*** Opening Provided records ***
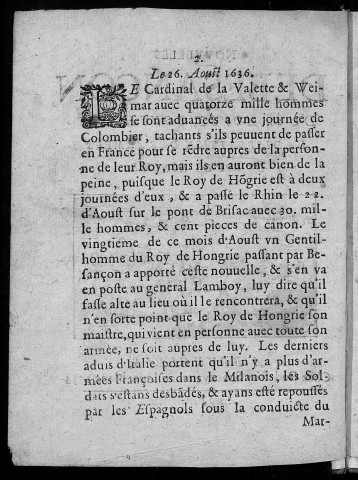 Nouvelles de Besançon du 26 aoust [août], touchant la disposition des armées du roy de Hongrie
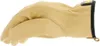 A close-up side view of a tan leather work glove. Produktbild-Vorschau
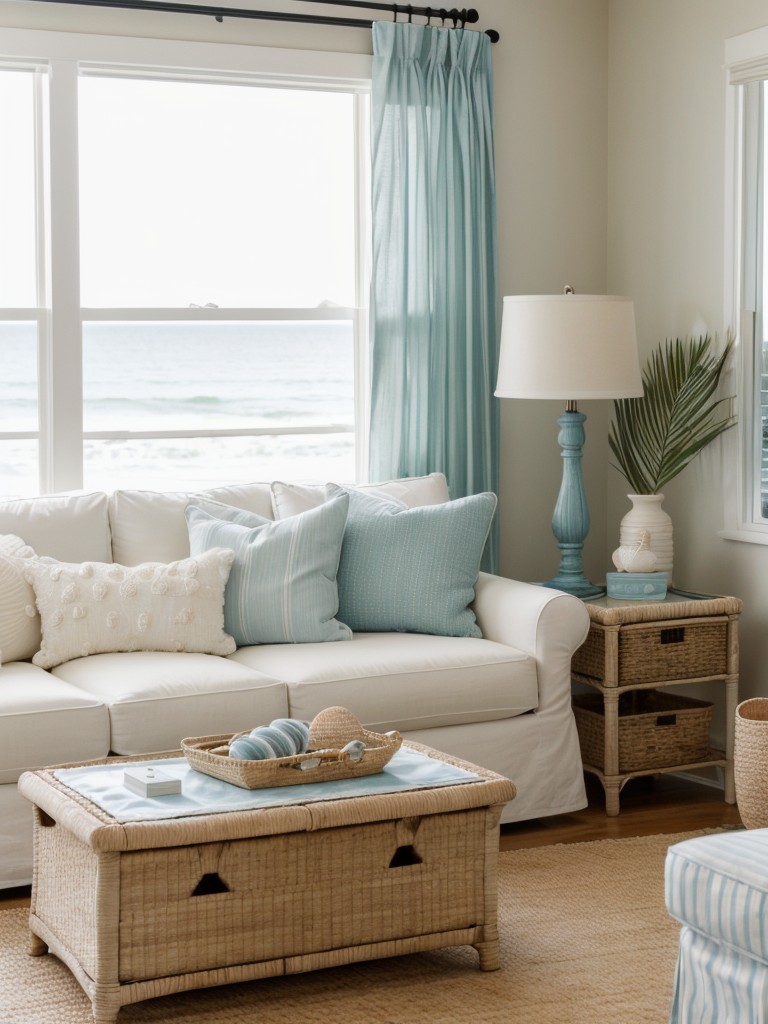 coastal-living-room-ideas-beachy-vibe-light-airy-color-scheme-nautical-decor-accents-using-seashell-accessories-wicker-furniture-sheer-curtains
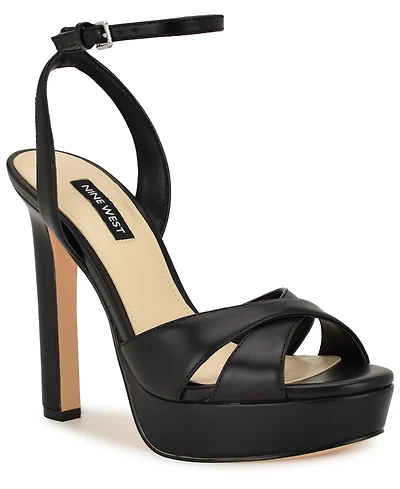 Nine West Women's Wilda Criss-Cross High Stiletto Platform Sandals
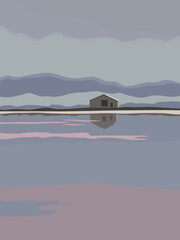 Vector picturesque landscape with lake and a house - 603590356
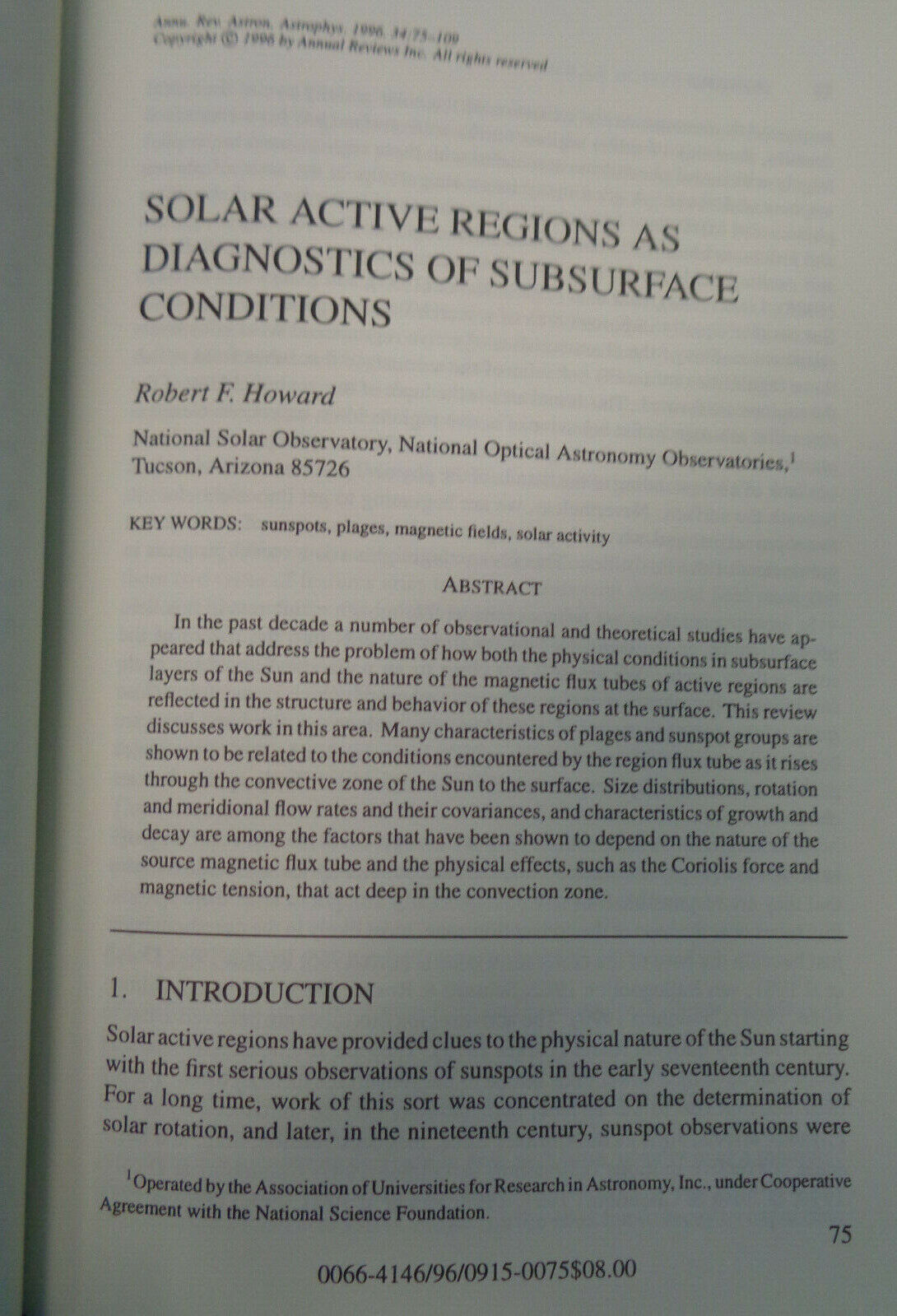 Annual Review of Astronomy and Astrophysics 1996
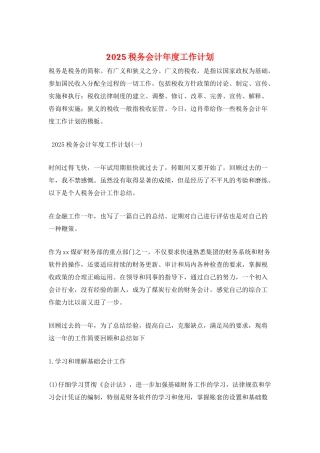 2025税务会计年度工作计划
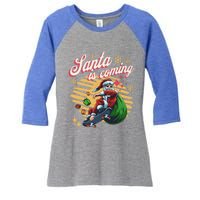 Funny Skateboard Santa Claus Is Coming Merry Christmas Great Gift Women's Tri-Blend 3/4-Sleeve Raglan Shirt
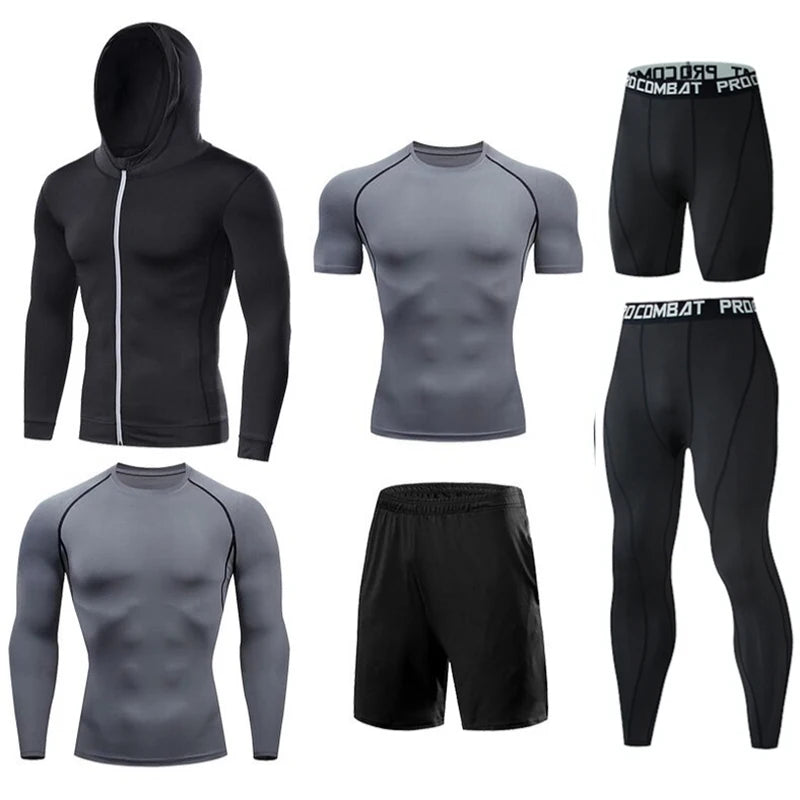 Men's Running Compression Quick Dry  Fitness Tight Sportswear Gym Sport Short Sleeve Shirt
*** Closing Provided records ***
§ **Your instructions**
In the records above, find the line that contains "Annual Review of". Print it and every later line exactly, omitting the pictures.

§ **Solution for this task**
 Annual Review of Astronomy and Astrophysics 1996
 2025税务会计年度工作计划
 Funny Skateboard Santa Claus Is Coming Merry Christmas Great Gift Women's Tri-Blend 3/4-Sleeve Raglan Shirt
 Men's Running Compression Quick Dry  Fitness Tight Sportswear Gym Sport Short Sleeve Shirt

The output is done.